The President was some indisposed and in bed, but not seriously ill. The members met in his bedroom. Seward had a paper for excluding blockade-runners and persons in complicity with the Rebels from the country.
John P. Hale's appointment to Spain was brought up. Seward tried to gloss it over. Wanted Hale to call and see me and make friends with Fox. Hale promised he would, and Seward thought he might get a passage out in a government vessel.
The capture and destruction of a large amount of tobacco at Fredericksburg has created quite a commotion. It was a matter in which many were implicated. Several have called on me to get permission to pass the blockade or have a gunboat to convoy them. One or more have brought a qualified pass from the President. Colonel Segar, the last of them, was very importunate.

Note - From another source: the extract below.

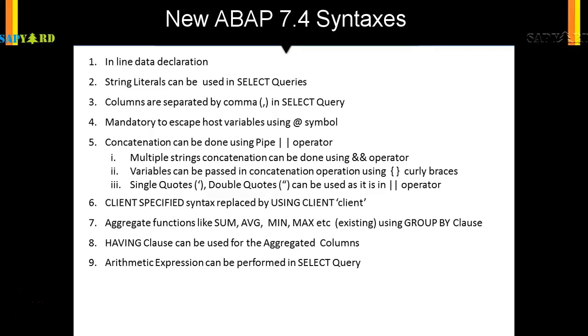The tenth new feature we want to show you is CEIL, FLOOR, and ABS. This was also there in ABAP before version 7.4, but I'll show you how you can use it right now in the same example.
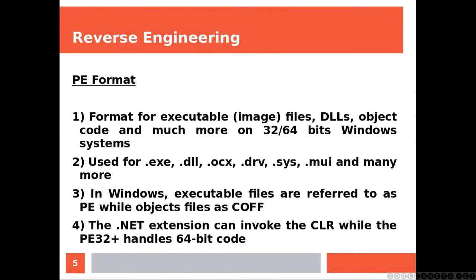Microsoft has taken the old COFF file format and created an extension: the PE format. The PE format is the format for executable files, DLLs, object code, and much more on 32/64-bit Windows systems.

I told him, as I have all others, that I should not yield in this matter; that I was opposed on principle to the whole scheme of special permits to trade and had been from the time that Chase commenced it; that I was no believer in the policy of trading with public enemies, carrying on war and peace at the same time. Chase was the first to broach and introduce this corrupting and demoralizing scheme, and I have no doubt he expected to make political capital by it. His course in this matter does much to impair my confidence in him. It was one of many not over scrupulous intrigues. Fessenden followed in the footsteps of Chase, not from any corrupt motives, nor for any political or personal aspirations, but in order to help him in financial matters. He had a superficial idea that cotton would help him get gold, — that he must get cotton to promote trade and equalize exchange.